Brian Eno once said, “Avant-garde music is a sort of research music. You’re glad someone’s done it, but you don’t necessarily want to listen to it.” The ambient innovator and master producer certainly had a point, but there is no reason why experimental music can’t also be broadly accessible. Just look at what John Lennon did with ‘Tomorrow Never Knows’ in 1966.

The emergence of artists like Autechre and Aphex Twin at the end of the 1980s coincided with the rise of rave culture. While The Happy Mondays hosted mega nights at The Haçienda, electro pioneers like Richard D. James, Rob Brown and Sean Booth isolated themselves behind a barrage of samplers, sequencers, synthesisers and drum machines to create weird and wonderful sounds virgin to the human ear.

Although genres like ambient electro and techno had existed since the 1970s and early ’80s, respectively, intelligent dance music (IDM) first emerged in the early 1990s, heavily influenced by the work of Brian Eno and Krautrock artists like Tangerine Dream and Neu!
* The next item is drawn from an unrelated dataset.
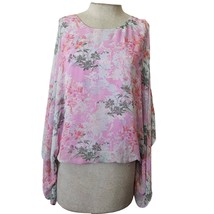 Vince Camuto Pink Floral Open Shoulder Long Sleeve Blouse Size Small - £19.78 GBP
If you are new to IDM, you may be thinking, “What a pompous tag”. Join the club. However, I would like to note that the tag was coined by fans and critics, not these so-called production geniuses.

Despite the term’s pomposity, IDM is a pretty accurate description of the genre’s typical produce. Though it is derived from electronic dance music (EDM), you wouldn’t necessarily dance to IDM music. Frankly, if you tried to dance to most of Squarepusher’s music, you’d risk cardiac arrest or find yourself in a straitjacket. Instead, IDM artists invite the listener to sit pensively at home in front of an expensive Hi-Fi, drooling over the intricacies of their productional masterpieces.

Below, I introduce you to the wonders of IDM with five masterpiece albums from five titanic artists. Each album is a seminal work in its field; although each LP chips away at the musical vanguard, I am convinced these selections aren’t as esoteric as Mr. Eno might have conveyed in the above quote.

Five essential IDM albums:

Aphex Twin – Selected Ambient Works 85-92 (1992)

If someone sought just one IDM record to diversify their otherwise preoccupied collection, I would always recommend Aphex Twin’s debut album. Selected Ambient Works 85-92 is the cornerstone of the genre as we know it today and is as accessible as it is intrepid. When listening to its energetic techno pulses and ambient textures, it is always advisable to transport your mind back to the early 1990s. This way, you will understand just how influential the record and its producer were and continue to be.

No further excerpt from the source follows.